Count the lines below that hold "Used". Give the number without comment.

Saved entries:

================================

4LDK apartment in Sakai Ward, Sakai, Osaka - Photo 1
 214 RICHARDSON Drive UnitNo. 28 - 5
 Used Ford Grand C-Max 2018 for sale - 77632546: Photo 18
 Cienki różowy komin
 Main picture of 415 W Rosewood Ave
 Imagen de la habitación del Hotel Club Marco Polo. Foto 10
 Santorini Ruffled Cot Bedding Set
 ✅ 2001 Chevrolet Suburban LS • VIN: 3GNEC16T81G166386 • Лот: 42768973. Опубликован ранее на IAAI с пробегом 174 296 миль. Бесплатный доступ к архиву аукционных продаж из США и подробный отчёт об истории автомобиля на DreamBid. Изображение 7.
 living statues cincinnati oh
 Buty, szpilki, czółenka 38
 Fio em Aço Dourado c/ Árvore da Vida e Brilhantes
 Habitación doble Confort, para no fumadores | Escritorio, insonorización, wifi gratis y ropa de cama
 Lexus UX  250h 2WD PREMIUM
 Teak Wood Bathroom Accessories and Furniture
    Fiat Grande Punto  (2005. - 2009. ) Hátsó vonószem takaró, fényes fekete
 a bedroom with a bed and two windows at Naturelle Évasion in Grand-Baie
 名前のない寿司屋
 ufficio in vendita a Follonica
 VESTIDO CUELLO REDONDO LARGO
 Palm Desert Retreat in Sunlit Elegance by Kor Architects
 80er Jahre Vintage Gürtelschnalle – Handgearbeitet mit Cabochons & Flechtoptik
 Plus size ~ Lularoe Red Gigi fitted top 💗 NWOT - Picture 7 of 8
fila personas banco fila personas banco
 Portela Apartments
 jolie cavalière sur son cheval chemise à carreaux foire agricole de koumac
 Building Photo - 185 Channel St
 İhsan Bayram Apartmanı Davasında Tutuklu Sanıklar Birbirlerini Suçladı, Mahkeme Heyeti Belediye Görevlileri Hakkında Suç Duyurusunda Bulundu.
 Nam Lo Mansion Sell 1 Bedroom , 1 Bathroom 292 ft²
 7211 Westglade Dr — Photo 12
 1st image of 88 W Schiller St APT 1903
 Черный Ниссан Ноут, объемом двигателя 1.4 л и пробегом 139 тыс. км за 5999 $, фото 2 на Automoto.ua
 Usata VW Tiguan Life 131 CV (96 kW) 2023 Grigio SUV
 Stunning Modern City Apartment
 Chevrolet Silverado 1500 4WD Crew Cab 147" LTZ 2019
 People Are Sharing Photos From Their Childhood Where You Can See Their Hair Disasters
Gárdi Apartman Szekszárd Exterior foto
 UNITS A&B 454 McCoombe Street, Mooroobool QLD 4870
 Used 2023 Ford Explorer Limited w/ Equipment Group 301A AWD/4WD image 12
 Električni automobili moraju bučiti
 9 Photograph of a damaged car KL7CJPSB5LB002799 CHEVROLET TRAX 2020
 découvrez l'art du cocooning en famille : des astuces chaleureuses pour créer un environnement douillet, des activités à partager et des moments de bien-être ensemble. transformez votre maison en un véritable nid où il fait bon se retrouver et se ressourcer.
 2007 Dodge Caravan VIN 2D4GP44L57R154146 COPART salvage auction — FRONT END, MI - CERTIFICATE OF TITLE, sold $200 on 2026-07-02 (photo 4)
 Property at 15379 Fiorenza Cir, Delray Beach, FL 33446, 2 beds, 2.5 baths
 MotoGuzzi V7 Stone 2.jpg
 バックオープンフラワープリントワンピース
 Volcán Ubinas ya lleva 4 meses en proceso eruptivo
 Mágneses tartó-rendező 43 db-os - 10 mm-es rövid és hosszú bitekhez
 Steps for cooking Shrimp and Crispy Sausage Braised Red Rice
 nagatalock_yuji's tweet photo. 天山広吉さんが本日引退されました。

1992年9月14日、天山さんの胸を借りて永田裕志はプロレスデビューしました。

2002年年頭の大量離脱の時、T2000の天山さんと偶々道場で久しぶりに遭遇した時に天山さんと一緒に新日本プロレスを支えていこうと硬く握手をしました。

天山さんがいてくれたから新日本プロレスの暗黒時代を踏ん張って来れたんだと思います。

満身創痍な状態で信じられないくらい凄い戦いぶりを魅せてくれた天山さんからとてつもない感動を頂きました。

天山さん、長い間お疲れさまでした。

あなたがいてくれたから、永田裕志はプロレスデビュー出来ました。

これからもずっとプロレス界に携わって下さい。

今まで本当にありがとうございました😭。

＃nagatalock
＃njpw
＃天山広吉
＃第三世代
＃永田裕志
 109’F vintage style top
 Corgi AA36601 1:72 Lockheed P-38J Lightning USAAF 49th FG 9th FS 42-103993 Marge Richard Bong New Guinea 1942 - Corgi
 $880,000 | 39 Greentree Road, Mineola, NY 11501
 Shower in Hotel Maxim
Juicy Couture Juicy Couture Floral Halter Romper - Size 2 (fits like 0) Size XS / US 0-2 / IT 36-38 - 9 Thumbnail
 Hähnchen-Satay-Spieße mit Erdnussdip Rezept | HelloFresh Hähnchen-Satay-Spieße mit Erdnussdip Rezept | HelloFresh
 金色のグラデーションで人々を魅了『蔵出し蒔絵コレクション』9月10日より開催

================================

Solution for this problem
2